9 February 2004 The Chinese government has pledged equal treatment to foreign and domestic technology companies in procurement contests for new government contracts.
The promise was made despite a plan in 2003 to promote locally produced software by earmarking government spending for domestic products.
However, a report in the China Daily newspaper said that new regulations will be issued soon that would not discriminate between local and foreign companies in government contracts.
The newspaper quoted government officials as saying that the development of China’s software industry would be best achieved through “the further opening and more co-operation with foreign firms”.
For software vendors, China, with its huge population and rapidly expanding economy, is of immense strategic importance. Despite this, its software market is small, government spending remains low and piracy is rampant.
Despite this, statements from vice-minister for Information industry Gou Zhongwen have been ambiguous, seeming to imply that it is, in fact, Chinese companies with foreign investment that are the subject of these new rules. “Software firms invested by foreign companies will enjoy equal opportunities from government procurement,” he said.
China has traditionally been suspicious of foreign software companies. Microsoft is viewed with particular suspicion. The Chinese government has been keen to promote local alternatives based on open-source Linux software.

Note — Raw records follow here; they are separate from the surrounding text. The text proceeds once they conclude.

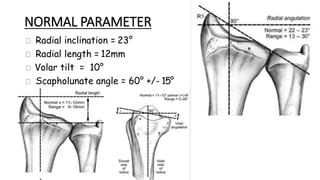 Malunited distal radius fracture | PPTX
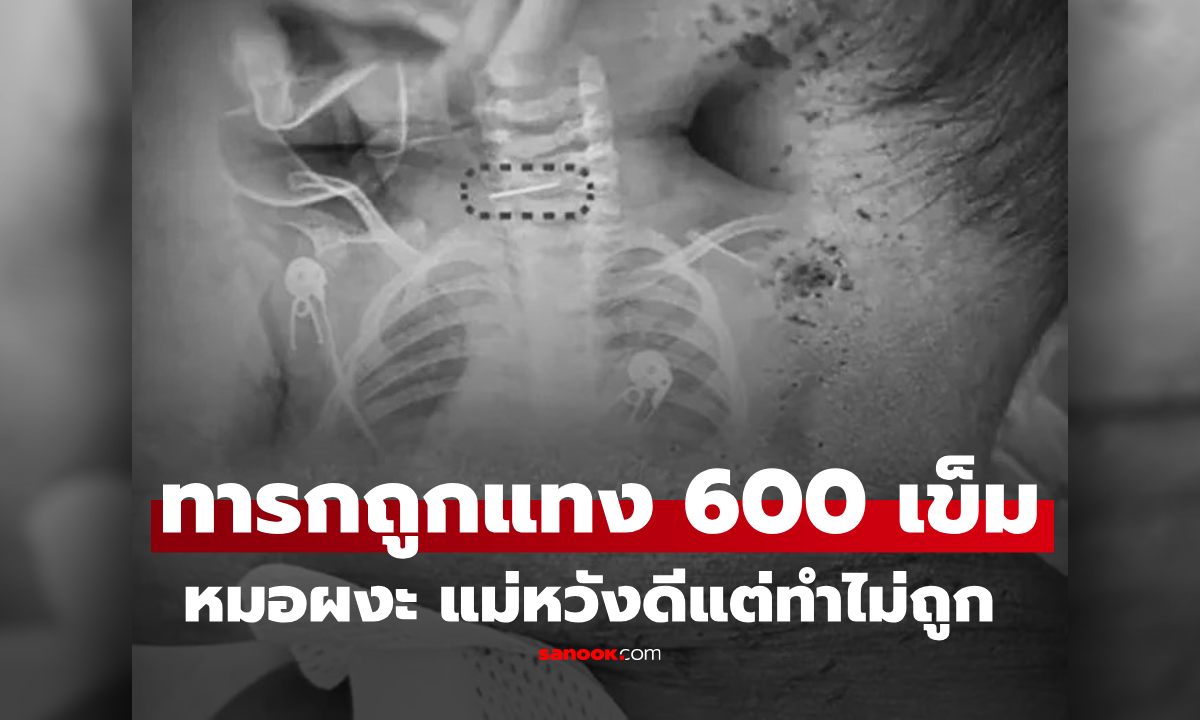 หวังดีแต่เกือบไม่รอด! ทารก 10 เดือน ถูกแม่แทงกว่า 600 เข็มทั่วร่าง อึ้ง บางจุดลึกถึงกระดูก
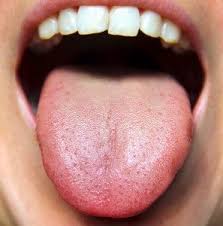 Vapour Tongue عدم الأحساس بطعم اي ليكويد - حل مشكلة ال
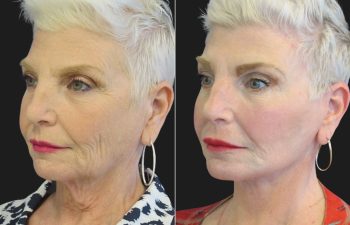 59 year-old facelift, neck lift, upper and lower blepharoplasty, brow lift, facial fat grafting, CO2 Laser, and skincare treatment.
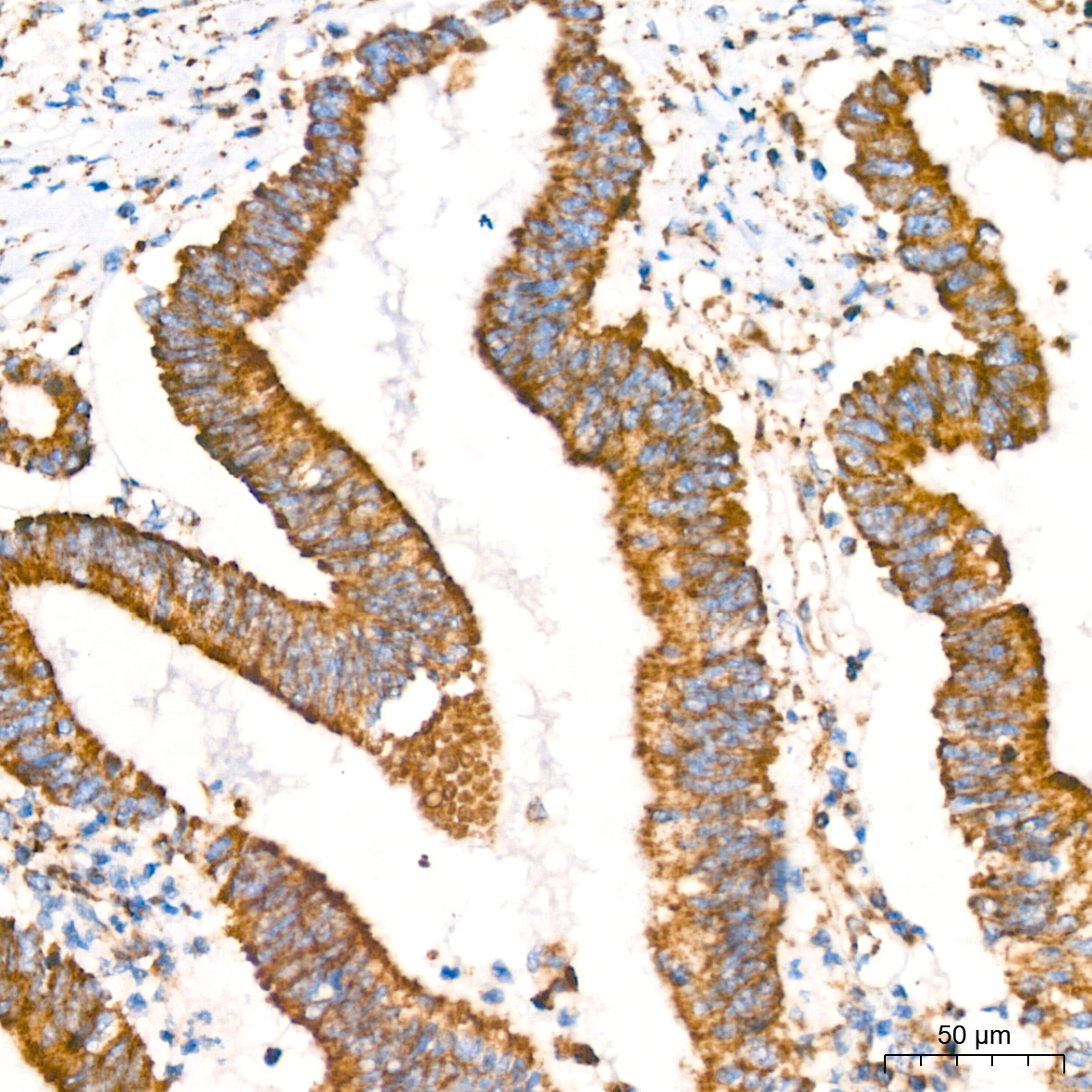 GLUD1 Rabbit mAb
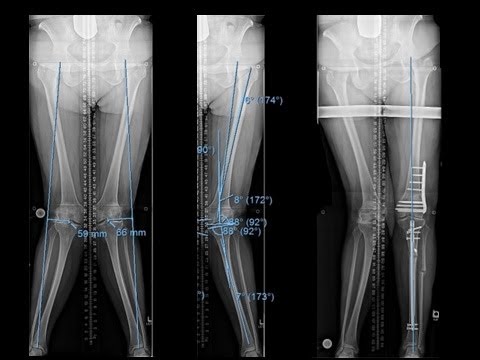 Video: Varus Knee: Příznaky, Příčiny, Chirurgie A Léčba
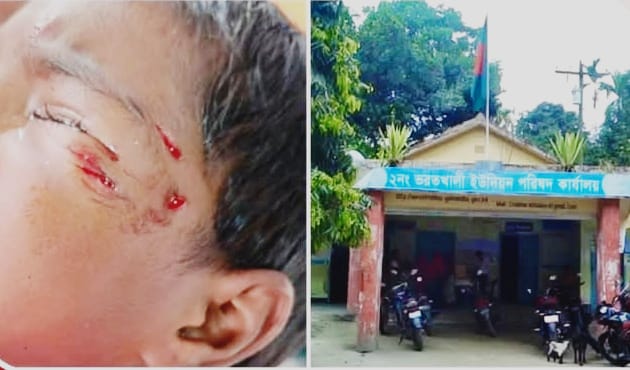 গাইবান্ধার সাঘাটায় বেওয়ারিশ কুকুরের তাণ্ডব: ২ দিনে আহত ১০, আতঙ্কে জনপদ — নেই র‌্যাবিস ভ্যাকসিন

Nevertheless, foreign companies’ market share has actually grown in the country as a result of piracy. This has undermined demand for local rivals’ products. Microsoft’s operating system and Office suite have become the de facto standards in China even though few copies are actually paid for.
The policy announcement has been made alongside a similar statement by government officials to lift bans on foreign investment in television, as part of a large-scale reform aiming to revitalise China’s sagging, state-dominated media industry.